Feminism
“Men, until not very long ago, were perfectly satisfied with themselves and what they had done. It is a little more than a century ago that women began to protest. Before, they seemed to say nothing or in any case they had no opportunity to say something. However, quite recently — it is not so long ago — women began to say, ‘Excuse us, but we indeed are not satisfied.’ Formerly, if ever they dared to say such a thing, probably they received a knock and were told, ‘Keep quiet, it’s no business of yours.’ Yet things went on in spite of everything, and it was at the end of the century that there began a public protest of women against the way men treated them; because all the laws made by men were to man’s advantage, and all the social organisations made by men were to man’s advantage, and woman always had a lower position and sometimes an absolutely detestable one. In certain countries it is still like that...
However, till then, if they had protested it must have been either individually or in a rather hidden fashion, because it did not become a public question. But at the end of the last century there was a movement called feminism and women began to protest violently against things as they were, saying, ‘Excuse us, we find that you have failed in all your affairs, and you have not managed anything well. All that you have done seems absolutely bad. You have not succeeded in doing anything, except in fighting among yourselves, killing one another and making life unbearable for everybody. We are beginning to say that we have something to say, and we mean that this won’t do and that it must improve.’ That is how it began. Then, you see, protestations, fights, mockery... They tried to stifle them with ridicule.

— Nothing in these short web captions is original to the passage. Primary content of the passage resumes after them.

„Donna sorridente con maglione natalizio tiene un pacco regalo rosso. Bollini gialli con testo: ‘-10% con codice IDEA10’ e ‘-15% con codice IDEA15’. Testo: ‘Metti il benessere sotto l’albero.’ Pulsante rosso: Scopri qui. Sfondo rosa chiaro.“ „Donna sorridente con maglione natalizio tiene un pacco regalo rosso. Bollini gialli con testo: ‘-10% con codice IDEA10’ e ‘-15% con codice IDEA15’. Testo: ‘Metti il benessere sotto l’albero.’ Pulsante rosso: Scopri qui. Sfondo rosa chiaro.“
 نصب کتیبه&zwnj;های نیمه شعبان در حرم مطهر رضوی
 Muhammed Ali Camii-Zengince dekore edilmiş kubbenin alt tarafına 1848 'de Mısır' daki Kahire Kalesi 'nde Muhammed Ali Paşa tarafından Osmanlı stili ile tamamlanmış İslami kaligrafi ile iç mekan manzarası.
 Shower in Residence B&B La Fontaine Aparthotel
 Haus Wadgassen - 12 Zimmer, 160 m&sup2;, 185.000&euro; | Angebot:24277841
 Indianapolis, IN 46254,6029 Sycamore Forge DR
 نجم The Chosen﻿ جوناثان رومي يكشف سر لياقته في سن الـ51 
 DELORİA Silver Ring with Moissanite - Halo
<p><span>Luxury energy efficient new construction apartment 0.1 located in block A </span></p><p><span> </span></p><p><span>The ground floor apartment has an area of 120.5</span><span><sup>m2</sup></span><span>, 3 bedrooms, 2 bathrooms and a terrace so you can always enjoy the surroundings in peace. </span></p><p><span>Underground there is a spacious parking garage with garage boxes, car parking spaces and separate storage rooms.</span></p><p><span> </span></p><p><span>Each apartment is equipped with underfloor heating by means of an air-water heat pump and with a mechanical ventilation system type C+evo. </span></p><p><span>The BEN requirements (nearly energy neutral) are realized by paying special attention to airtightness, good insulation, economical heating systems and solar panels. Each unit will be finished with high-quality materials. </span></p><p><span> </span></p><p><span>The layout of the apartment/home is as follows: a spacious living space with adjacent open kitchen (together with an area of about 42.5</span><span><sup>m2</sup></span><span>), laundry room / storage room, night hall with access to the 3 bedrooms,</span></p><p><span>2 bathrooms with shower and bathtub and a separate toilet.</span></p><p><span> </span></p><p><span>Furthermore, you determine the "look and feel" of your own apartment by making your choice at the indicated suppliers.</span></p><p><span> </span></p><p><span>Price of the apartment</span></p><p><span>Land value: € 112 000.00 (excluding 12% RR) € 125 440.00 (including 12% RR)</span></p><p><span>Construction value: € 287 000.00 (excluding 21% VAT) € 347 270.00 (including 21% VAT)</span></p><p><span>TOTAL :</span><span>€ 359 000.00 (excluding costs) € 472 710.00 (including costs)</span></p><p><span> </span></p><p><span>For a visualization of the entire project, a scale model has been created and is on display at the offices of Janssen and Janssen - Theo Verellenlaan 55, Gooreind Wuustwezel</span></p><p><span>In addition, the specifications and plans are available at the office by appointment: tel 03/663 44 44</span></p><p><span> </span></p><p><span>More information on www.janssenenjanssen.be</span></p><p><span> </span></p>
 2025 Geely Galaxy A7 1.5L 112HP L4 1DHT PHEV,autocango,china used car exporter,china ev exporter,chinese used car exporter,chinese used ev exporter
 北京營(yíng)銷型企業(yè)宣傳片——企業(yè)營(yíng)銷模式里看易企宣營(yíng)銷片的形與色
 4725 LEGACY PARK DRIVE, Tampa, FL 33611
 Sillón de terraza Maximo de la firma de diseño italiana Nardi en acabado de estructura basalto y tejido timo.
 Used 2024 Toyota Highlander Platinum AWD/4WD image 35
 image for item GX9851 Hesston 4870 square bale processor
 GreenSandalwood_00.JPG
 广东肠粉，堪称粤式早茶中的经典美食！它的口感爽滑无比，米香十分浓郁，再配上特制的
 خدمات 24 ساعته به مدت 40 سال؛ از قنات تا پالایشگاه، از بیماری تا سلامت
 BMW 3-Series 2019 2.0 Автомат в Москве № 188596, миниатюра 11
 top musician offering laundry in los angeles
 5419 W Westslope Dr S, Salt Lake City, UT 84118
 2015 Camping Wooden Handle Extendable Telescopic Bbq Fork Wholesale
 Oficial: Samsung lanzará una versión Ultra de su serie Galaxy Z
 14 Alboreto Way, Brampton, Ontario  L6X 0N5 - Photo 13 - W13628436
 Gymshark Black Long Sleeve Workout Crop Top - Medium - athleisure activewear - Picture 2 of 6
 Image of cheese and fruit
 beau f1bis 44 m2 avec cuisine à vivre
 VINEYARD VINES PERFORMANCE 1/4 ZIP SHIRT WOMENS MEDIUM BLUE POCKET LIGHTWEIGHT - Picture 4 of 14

But it was the men who made fools of themselves, it was not the women (Mother laughs), and finally, they gained one thing: they can now put in their word in the affairs of State.
It began... it was a frightful scandal but now it is a recognised fact, and we even find that in certain countries, slightly less backward than others, women are admitted in the government. And I must say that, as far as I know, the first country where this happened was Sweden. I knew it at the beginning of this century. It was then that it happened. Women were admitted into Parliament in Sweden, and in the government, and the first thing they did, that they managed to do, was to abolish drunkenness.
- That is...?
Drunkenness, you don’t know what drunkenness is? Drunkenness means to drink alcohol, and it is something very widespread, unfortunately, over the whole earth, and it is men who drink, usually. Among the working classes, as soon as they have received their pay they go and drink away more than half of it, and when the wife goes to ask them for money to get food for them, she gets a beating. That’s how things usually occur. And the Swedish Government had tried for a very long time, because these people were quite reasonable and found that it was one of the things which most harmed social peace; but they had never succeeded. But it seems that within something like two or three years of government, women succeeded in doing it. And it was finished, one heard no more about it. How they did it I don’t remember now. Someone had told me then. Naturally, not by prohibition, because wherever that has been tried, it has never succeeded. But they succeeded. It is there. Now it is there. It took more than half a century to spread. Now there are many countries in which women are in the Government.”[1]